Here's the url for the article: http://www.glbtq.com/sfeatures/confessio…
22
I think what Dan's forgetting is that at this point, the IGB videos are doing two things- first, they are helping those young kids feel better about being who they are (which is why the normal, everyday folks videos are so good).

But the videos are also showing people who've never cared, nor thought about gay issues that this is something they should be caring about. That's where these celebrity videos can be helpful. Maybe they'll speak to the bullies, or to the people who've so far not taken a position on gay rights.
23
I agree stories from individual people are more powerful most of the time but also think we need these mainstream celebs and sports figures to send the IGB message, doing so may give insight to youth that participate in sports in school that picking on LGBT people or anyone for that matter to be cool. and you have to think that if you think it is hard coming out as an average student , imagine trying to come out as the star quarterback of lineman. now do I think some celbs just just on the bandwagon of a powerful movement for their own gain? absolutely but hey it also is a gain to the movement. and in response to #1= I hope nobody including Dan forget where they came from and take that minute to help another even if just to lend an ear. sometimes people gain great strength in themselves once they know they have been heard.
24
If any team knows that it gets better, it's the Red Sox. I just wish that it got better for the Cubs, too.
25
Maybe we need a series of "it gets worse" videos showing what horrible lives bullies end up having? Unfortunately, since many of the personality traits and habits I've seen in bullies are those useful in other bad hierarchies---that is, almost all work-places---I'm not sanguine about the distribution.

My guess is basically a Gaussian peaked around "successful middle-manager" with larger-than-Gaussian heights for "unsuccessful criminal" and "extremely successful executive", but that guess probably has more to do with my biases than reality.

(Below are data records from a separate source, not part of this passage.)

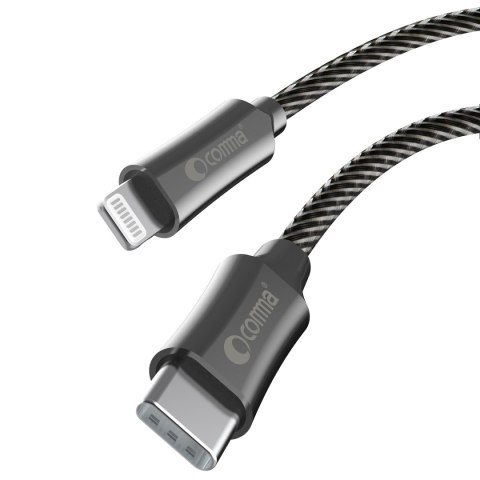 Comma kabel Jub MFi USB-C - Lightning 3A 1,5m szary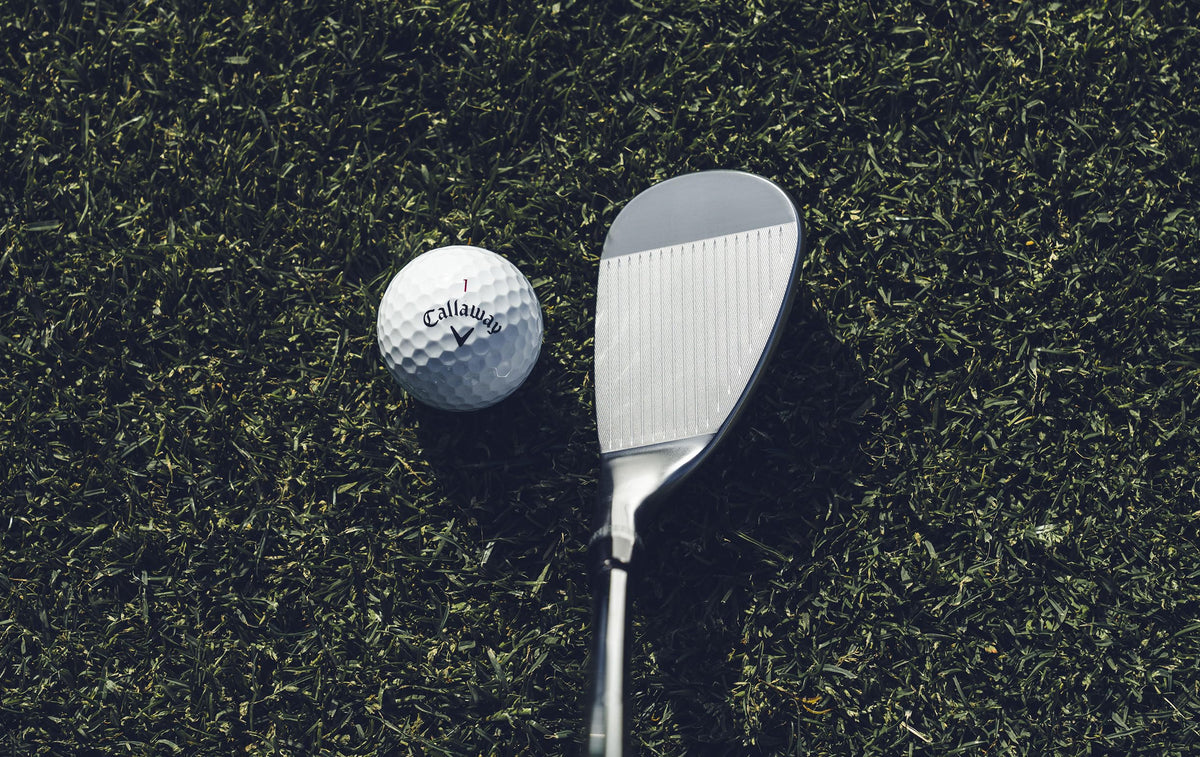 Callaway Opus Chrome Spin Gen Face Technology for enhanced greenside spin.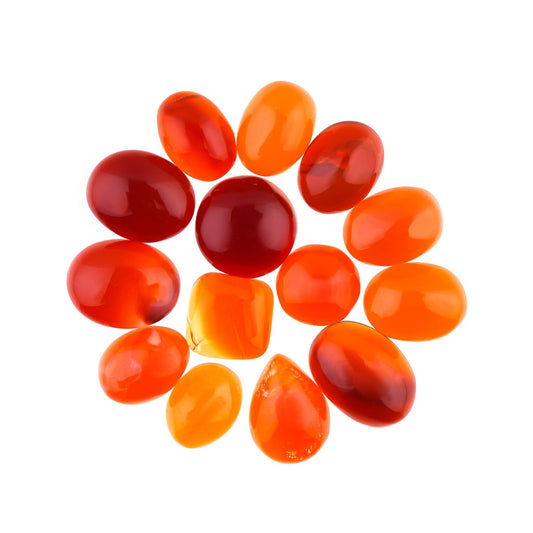 ColouredRocks (11-14 pcs. MEXICAN FIRE OPAL, Mix Shape, Natural Cabochon Crystals, Loose Gemstone, Wholesale Polished Supply, Jewelry Making, DIY Craft, Gem Collection (8-12 mm free size)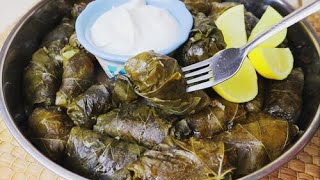 Dolmas  Dolmades  Greek Recipe  Stuffed Grape Leaves  Quick amp Easy [upl. by Rico]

Roger Ailes evidently will seize any opportunity to make fun of someone's accent.
26
Just thought I'd share one of the comments from the Sons of Sam Horn, an online forum of the most die-hard Red Sox fans, in response to this news:

"There would be no more compelling 'It gets better' video than somebody saying 'I hid who I was for a long time. But now I play for the Red Sox.' Then he should get a shaving cream pie in the face."

Pretty awesome.
27
There are more petition links here: http://www.dailykos.com/story/2011/06/05…
28
I would love it if, barring an actually gay player coming out, the Sox or the Cubs could use players with openly gay friends and relatives in the video and have them talk about the positive things those people bring to their lives. That would be a powerful message not only about a positive future, but also for any closeted athletes.